Generalized pattern matching

A while ago @Michael_Ilseman posted a document discussing future directions for String. This document includes a sketch for generalized pattern matching (here: State of String: ABI, Performance, Ergonomics, and You! · GitHub). I would like to start a discussion focused specifically on this topic.

The design in the string update document consists of the following protocol:

protocol Pattern {
  associatedtype In
  associatedtype Out
  func match(_: In) -> Out?
}

as well as the following usage for user-defined patterns:

let myValue: T = ...
let pattern: MyTPattern<(U,U)> = ... // matches a T to (U, U)
let otherPattern: OtherTPattern<V> = ... // matches a T to V
switch myValue {
  case (let a: Int, let b: Int) <- pattern: ...
  case let pair <- pattern: ... // pair has type (U,U)
  case let d: Double <- otherPattern: ...
  case let num <- otherPattern: // num has type V
}

There is a lot to like about this design. In particular, patterns can be stored in variables. They are first class entities in the langauge.

There are two ideas that I started thinking about when reading this design. First, unfortunately this design does not allow users to define a set patterns that exhaustively matches a given type. I think it would be useful to discuss what a design that does support exhaustiveness might look like.

Second, perhaps we could support a new form of dot shorthand to allow user-defined patterns to be matched using the same syntax as enum cases. Suppose we have the following extension on MyTPattern from the preceding example:

extension MyTPattern {
   static var twoInts: MyTPattern<(Int, Int)> { ... }
}

This pattern declaration along with a dot shorthand might allow us to write a switch using this syntax:

switch myValue {
  case .twoInts(let int1, let int2): ...
  // other patterns
}

The idea here is that the case statement creates a type context that expects a pattern matching T. Static members of types that conform to Pattern where In == T would be available for use. The more general syntactic form supporting patterns as variables would also be available.

An alternative approach might be for dot shorthand to look for static members of T that return a type conforming to Pattern where In == T. This alternative might help implementation by scoping lookup to static members of T rather than all types X: Pattern where In == T.

I am interested in hearing what the community thinks about these ideas in particular and user-defined patterns in general.

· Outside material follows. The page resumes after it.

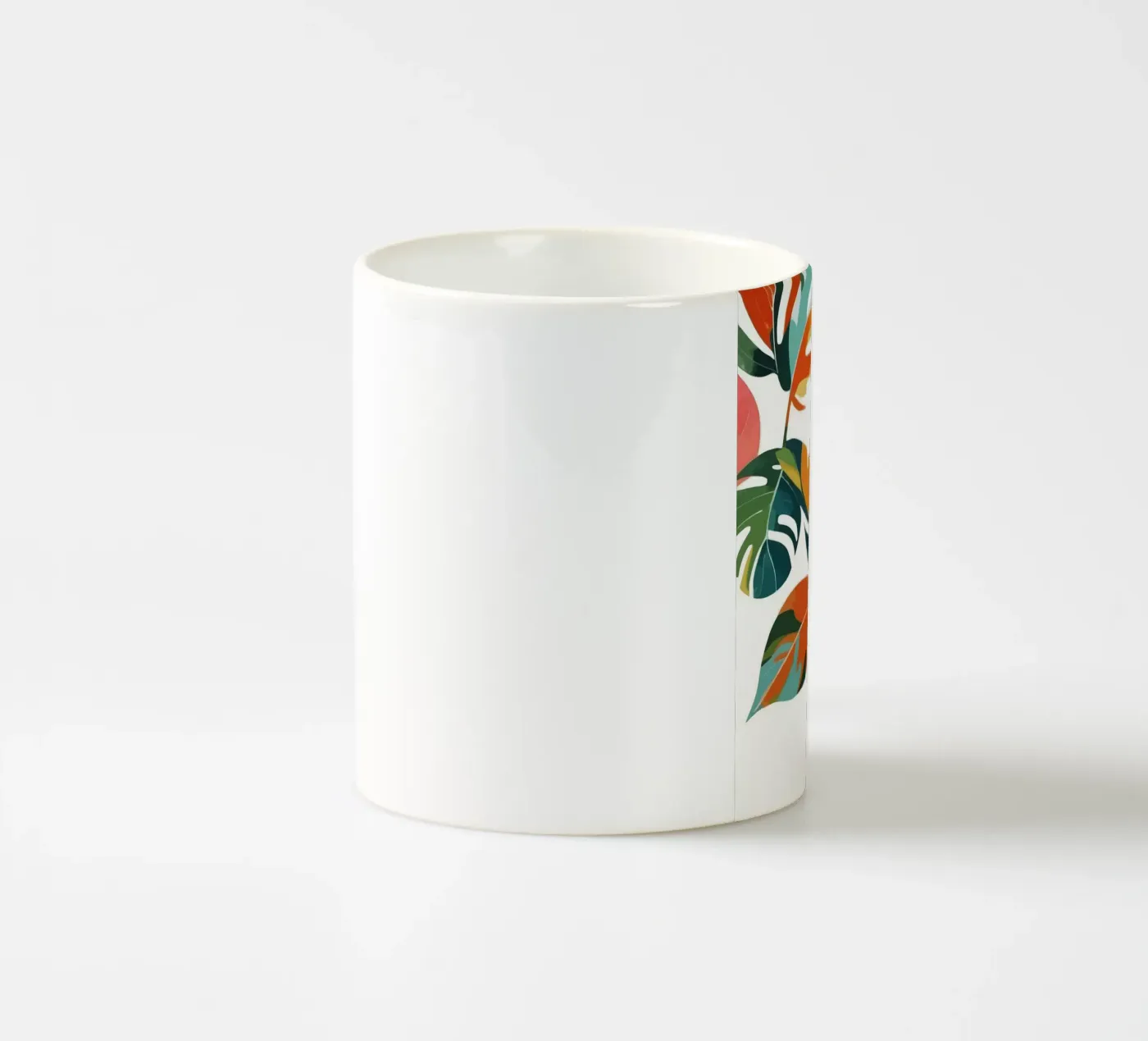 Pensatore e creatore tazza in ceramica da 83oranges.com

I'm not sure to achieve this exactly, but I think we should aim to come up with a solution that unifies the various kinds of pattern matching we have:

  • conditional destructuring: case let (x, y) = getPoint()
  • ~= operator (implicitly used in some case statements)
  • <- operator (from the proposal).

I'm also not a fan of using a Pattern protocol, because that precludes the use of anonymous closures as patterns. Oddly enough, Java's batshit crazy lambdas-as-instantiation-of-an-anonomous-inner-subclass approach would work well here.

Perhaps the right side of this <- operator can be any (In) -> Out? function, which could either be an anonymous closure e.g. let i <- { Int(str) }, or any Pattern's match function could be used: let x, y <- PointPattern.match, which is itself a (In) -> Out? function

1 Like

If you think about pattern matching in Swift 4 as a function from (T) -> Bool, it’s a basic pass/fail. My proposal was extending it to produce a value upon passing, i.e. a function from (T) -> U?. Or, alternatively, as a partial function from (T) -> U with a statically-unknown domain, where the caller “guards” against the argument not being part of the function’s run-time domain.

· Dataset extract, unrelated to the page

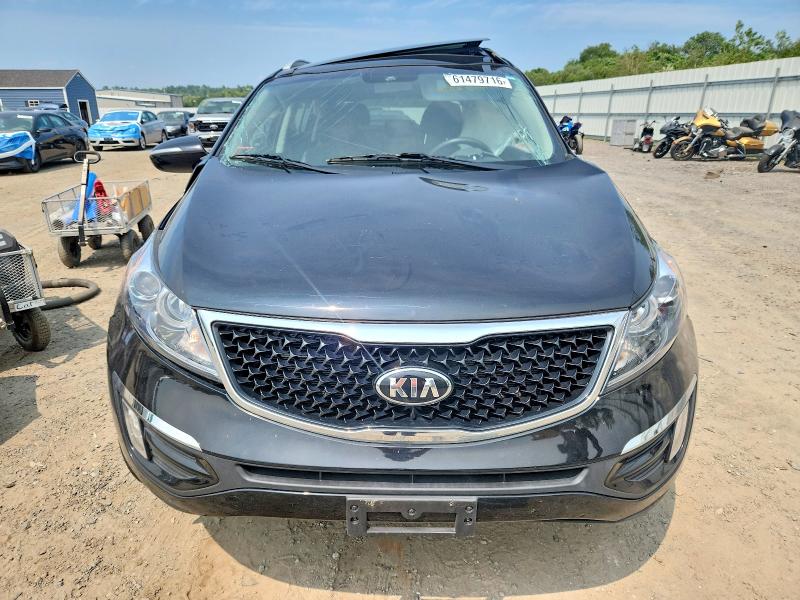 61479716 :رقم المزاد ، KNDPC3AC5G7878668 vin ، 2016 Kia Sportage مزاد بيع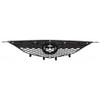 GRILLE W/CHROME MOULDING STD REPLACEMENT FOR MAZDA MAZDA 6 2003 PARTSLINK NUMBER  MA1200166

By “exhaustiveness”, are you proposing a way to add some kind of totality-annotation to a group of these partial functions to aid static reasoning and/or provide exhaustiveness in switches? That certainly sounds interesting! Do you have any concrete use cases that you think would be improved by this addition? How “fragile” would this concept of totality be, that is, how amenable to library evolution, unplanned-for corner cases, changes to T, etc.?

For this switch syntax the compiler takes case .twoInts(…) and infers case MyTPattern.twoInts(…)? If the search space include patterns from other modules, then as you mention some restrictions to the scope of the search might aid compilation time.

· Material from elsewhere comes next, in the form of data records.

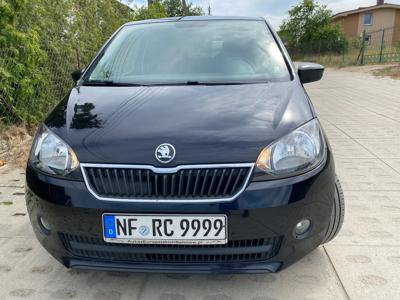 Używane Skoda Citigo - 17 800 PLN, 200 000 km, 2012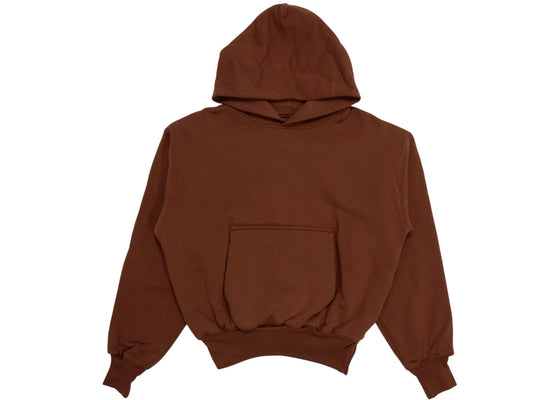 Yeezy Gap Hoodie Brown sneakers - authentic Yeezy shoes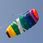 Cross Kites Rio 2 5 Rainbow - zdjęcie 2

You mentioned an alternative where the compiler looks for static members of T. This seems like it might risk having T become a grab-bag of all possible patterns, and I don’t know how exhaustiveness annotations could fit with this model. What about another alternative to help further reduce the scope:

switch MyTPattern.match(myValue) {
  case .twoInts(…)
}

where name lookup is constrained to static members of MyTPattern? What does the type of “match” look like?

For the idea of dot syntax for pattern matching, do you have any concrete use cases to help demonstrate the power of this syntax? Alternatively, how would this syntax map onto the proposed direction for the Regex type?

@Michael_Ilseman sorry for the extremely delayed response. I've been quite busy lately! What I have in mind in terms of usage is similar to what you could accomplish today by declaring an enum for the set of patterns, defining a property that projects the underlying type to the enum, and then switching on the projected enum value. Here's an example:

enum ListPattern<S: Sequence> {
    case empty
    case nonEmpty(S.Element, S.SubSequence)
}
extension Sequence where SubSequence: Sequence, SubSequence.SubSequence == SubSequence {
    var pattern: ListPattern<SubSequence> {
        if let first = Array(prefix(1)).first {
            return .nonEmpty(first, dropFirst())
        } else {
            return .empty
        }
    }
}

switch [1, 2, 3].pattern {
case .empty: print("empty")
case .nonEmpty(let v, let s): print("v: \(v) s: \(s)")
}

The problem with this approach is that it does not interact properly with nested patterns. More generally, I have a vague notion that some combination of support for fully general user-defined pattern matching, pattern requirements in protocols, the ownership system, and optimizer smarts might let us write some rather elegant and general yet still relatively high performance code. I started thinking about this when I was reading @lorentey's book on Optimizing Collections.

In other words, why shouldn't we be able to write elegant algorithms that recursively decompose a data structure just because the elements aren't stored with indirect / recursive enums? This is the primary use case I would like to enable if possible.

This is a valid concern. I think I would be ok with something along these lines if we could figure out how to make it work in nested patterns.

The idea here is mostly to make user-defined patterns feel as "first class" as possible. This shorthand would provide usage syntax for user-defined patterns that matches the patterns provided by enum cases.